• What the task asks:
All of the lines below need to be copied exactly, apart from the pictures.

• Collected data:

=====

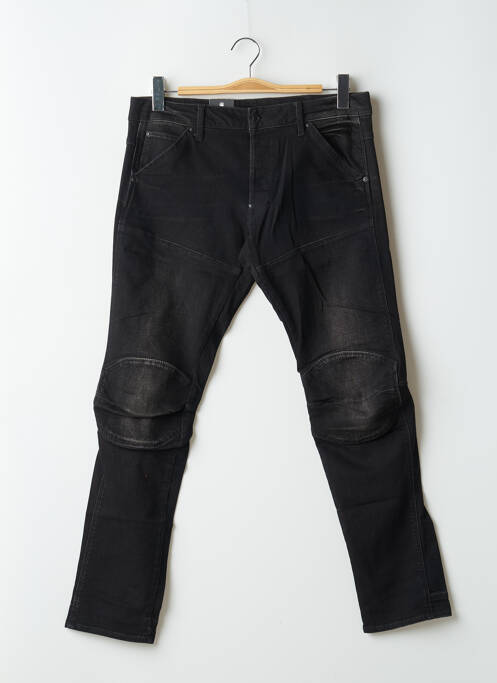 Jeans coupe slim noir G STAR pour homme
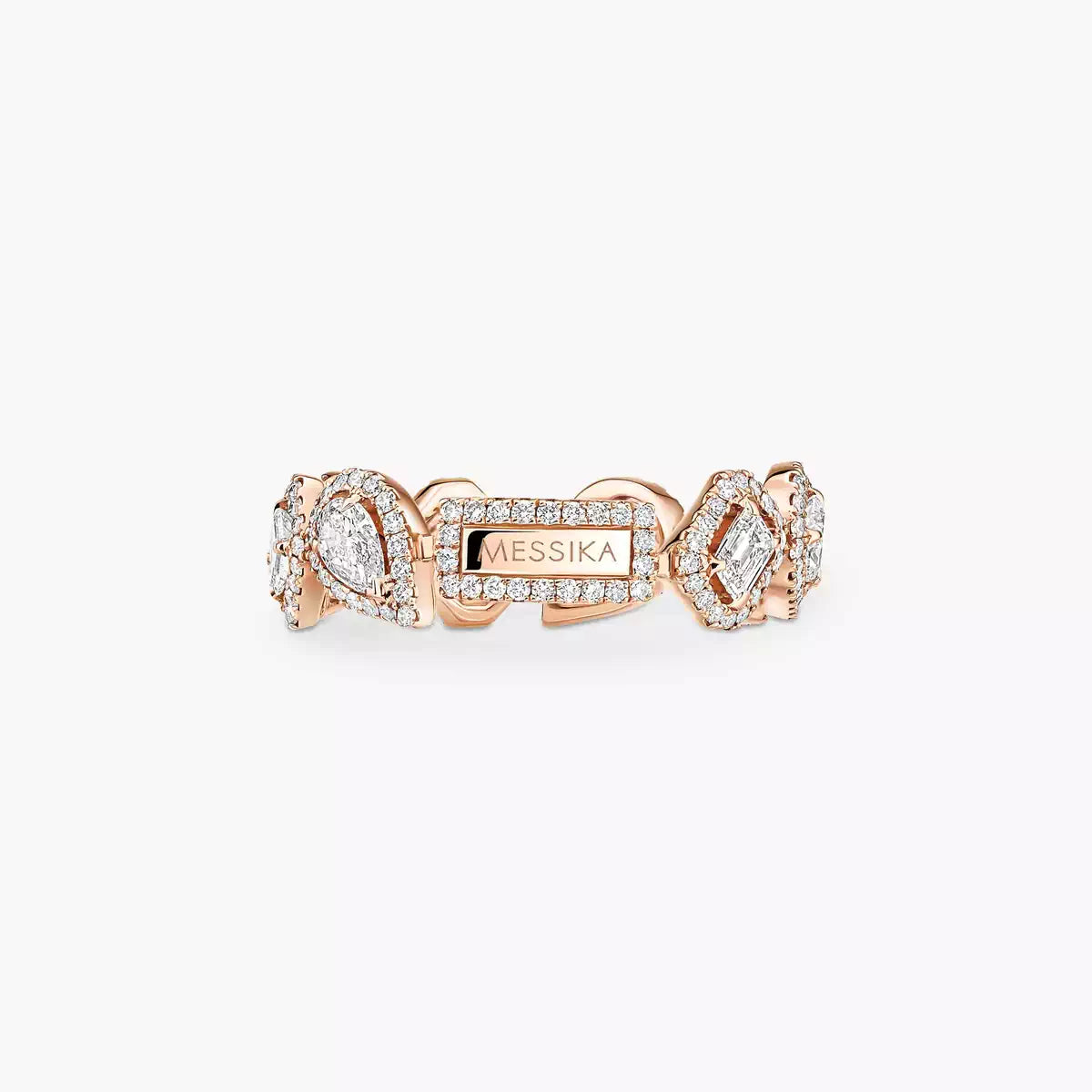 [Lumi]Diamond Wedding Ring My Twin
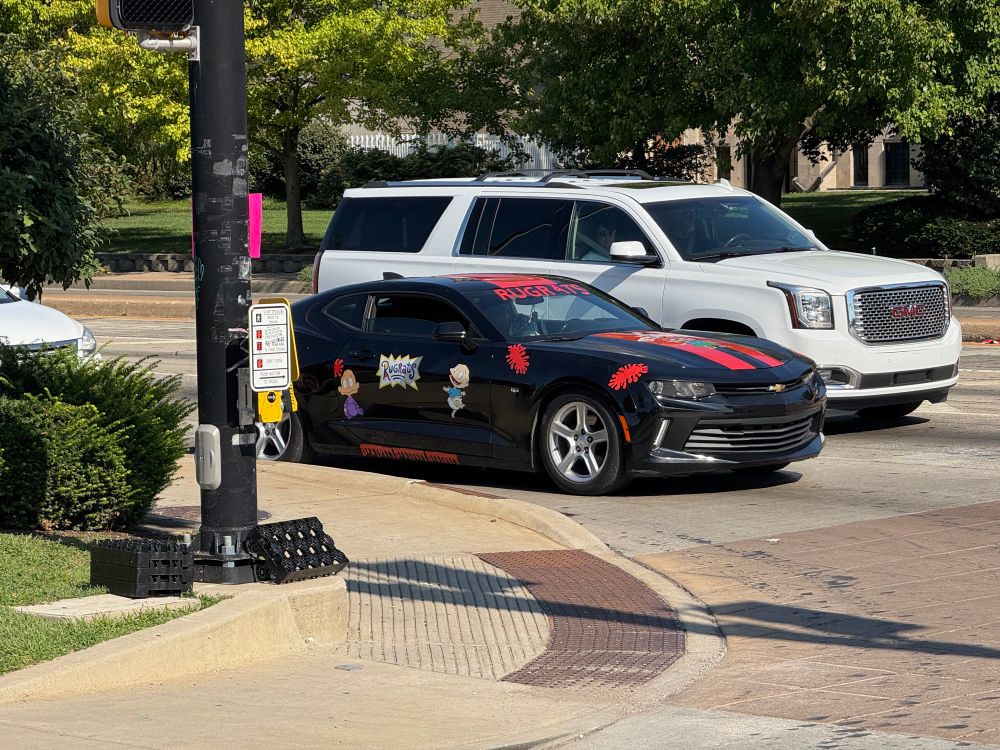 Rugrats car
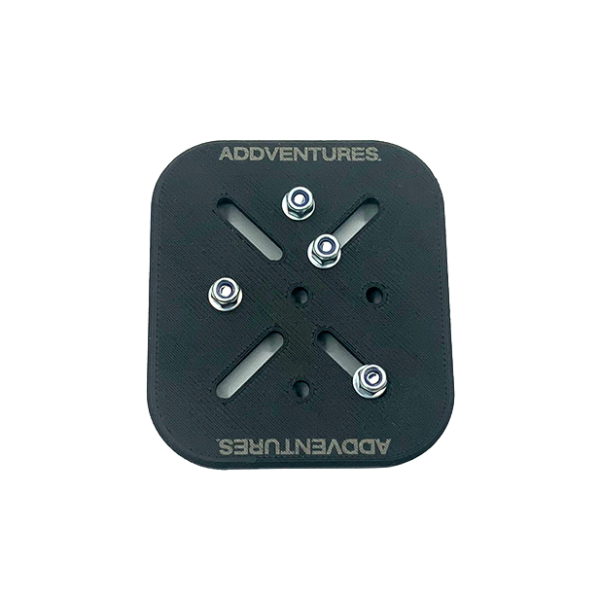 Adapter Garmin Zumo XT to individual screw mounting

=====

• Output for this exercise:
 Jeans coupe slim noir G STAR pour homme
 [Lumi]Diamond Wedding Ring My Twin
 Rugrats car
 Adapter Garmin Zumo XT to individual screw mounting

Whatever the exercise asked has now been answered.